Print only the lines below from the one with "Pair of former pharmaceutical glass bottles" to the one with "Recall notice over grocery store shelves.", both included, exactly as they stand. Leave pictures out.
:: Given information ::
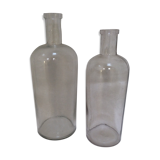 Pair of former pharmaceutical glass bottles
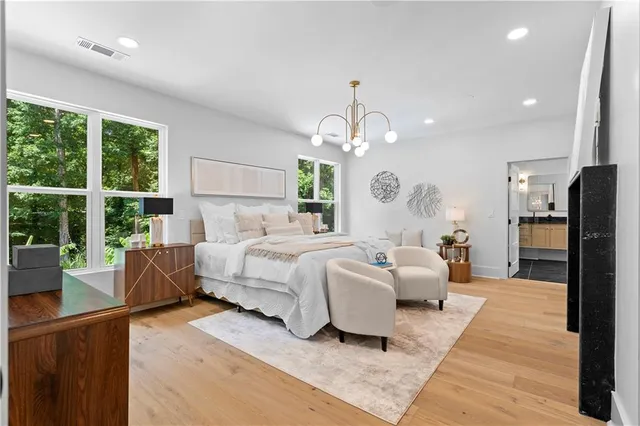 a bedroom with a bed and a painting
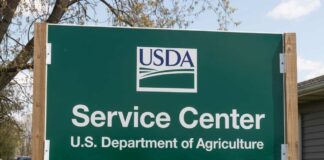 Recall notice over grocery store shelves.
:::
:: Given information ::
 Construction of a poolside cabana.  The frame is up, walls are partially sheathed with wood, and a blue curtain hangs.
:::
:: Given information ::
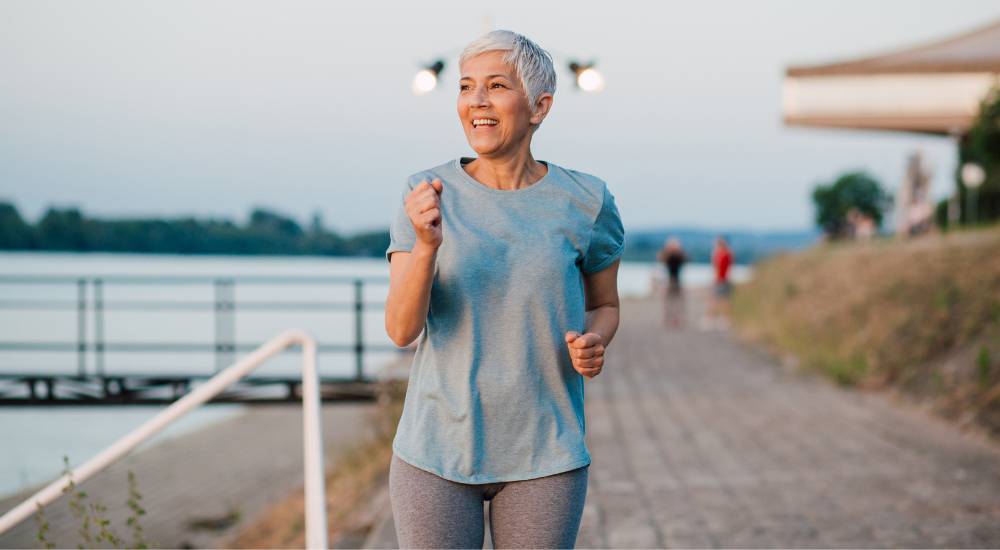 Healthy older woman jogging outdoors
:::
### Answer box
 Pair of former pharmaceutical glass bottles
 a bedroom with a bed and a painting
 Recall notice over grocery store shelves.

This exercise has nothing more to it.